Fast casual dining has become one of the most popular options for diners over the last several years.
Two leading fast casual restaurant chains are Mediterranean-inspired CAVA Group (CAVA 0.46%) and burrito specialist Chipotle Mexican Grill (CMG -2.45%).
So far in 2024, Cava stock is up 98% while shares of Chipotle have gained 25% -- each handily topping the S&P 500.
Let's dive into the business results of Cava and Chipotle and assess which stock might be the better buy for long-term investors.
Analyzing Cava
When it comes to analyzing restaurant businesses, metrics such as new store openings and same-store sales can be useful.
During Cava's first fiscal quarter of 2024 (ended April 21), the company opened 14 net new restaurants. This represented 23% growth year over year, and brought Cava's total restaurant count to 323.
The company's revenue soared 30% year over year during the fist quarter to $256.3 million, while same-store sales rose by 2.3%.
Despite a macroeconomic environment battling stubborn inflation, Cava has also showcased a commitment to strong unit economics. For the period ended April 21, Cava reported net income of $14 million compared to a loss of $2.1 million last year.
Moreover, the company's adjusted earnings before interest, taxes, depreciation, and amortization (EBITDA) essentially doubled year over year during the fist quarter, while free cash flow swung to positive $4.7 million compares to cash burn of $13.4 million last year.
All things considered, Cava's financial profile is quite impressive. However, with the stock surging 98% so far in 2024, investors need to assess the company's valuation.
As seen in the chart above, Cava's price-to-sales (P/S) multiple of 11.7 is considerably above Chipotle. In a way, this could make some sense. Chipotle is a much more mature business to that of Cava. However, the valuation disparity between the two restaurant stocks is hard to look over.

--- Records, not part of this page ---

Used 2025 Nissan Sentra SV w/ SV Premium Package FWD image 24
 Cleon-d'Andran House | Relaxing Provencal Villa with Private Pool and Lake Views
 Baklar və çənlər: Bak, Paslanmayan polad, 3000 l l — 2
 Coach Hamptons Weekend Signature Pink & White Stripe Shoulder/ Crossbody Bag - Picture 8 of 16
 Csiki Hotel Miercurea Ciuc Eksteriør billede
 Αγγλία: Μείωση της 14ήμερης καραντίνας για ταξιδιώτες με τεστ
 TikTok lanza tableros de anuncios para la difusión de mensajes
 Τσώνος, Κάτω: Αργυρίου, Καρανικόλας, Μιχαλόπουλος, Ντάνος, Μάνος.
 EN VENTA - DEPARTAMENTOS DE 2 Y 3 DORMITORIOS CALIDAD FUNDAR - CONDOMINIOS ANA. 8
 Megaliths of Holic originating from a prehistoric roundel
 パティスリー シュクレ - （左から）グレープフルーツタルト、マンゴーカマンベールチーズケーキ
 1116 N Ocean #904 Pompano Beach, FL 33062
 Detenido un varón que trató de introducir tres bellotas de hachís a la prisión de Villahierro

Let's dig into Chipotle's business and discern if Cava's premium valuation is deserved.
Analyzing Chipotle
For the quarter ended March 31, Chipotle reported revenue of $2.7 billion -- an increase of 14.1% year over year. While this level of revenue growth is only about half as much as Cava's during the first quarter, Chipotle is clearly a much larger business considering its revenue is more than tenfold compared to Cava.
Where Chipotle really sets itself apart from the competition is same-store sales and profit margins.
During the first quarter, Chipotle's comparable restaurant sales rose 7% -- more than triple that of Cava.
Moreover, the company's restaurant level operating margin was 27.5%. By comparison, Cava's restaurant level profit margin was 25.2%.
At the end of the first quarter, Chipotle boasted nearly 3,500 locations -- roughly ten times that of Cava. Additionally, the company's average restaurant sales of $3.1 million was notably higher than Cava's $2.6 million.
The bottom line
The trends explored above suggest that Chipotle has superior unit economics to that of Cava. It's a much bigger company and outperforms Cava in just about every important financial and operating metric.
My suspicion is that a lot of capital has poured into Cava stock with the underlying thesis that the company might be the next Chipotle. While this has some merit, it is going to take many years to determine if Cava will eventually reach the size and scale of Chipotle.
All the while, Chipotle isn't exacting giving investors reasons to think its own growth could begin decelerating or plateau. While money can be made owning both Cava and Chipotle stock, I see one clear winner here: Chipotle.
I think Chipotle represents a best in class brand among restaurant stocks, and the company's impressive financial profile and key performance indications suggest that the growth narrative should stay in tact for years to come.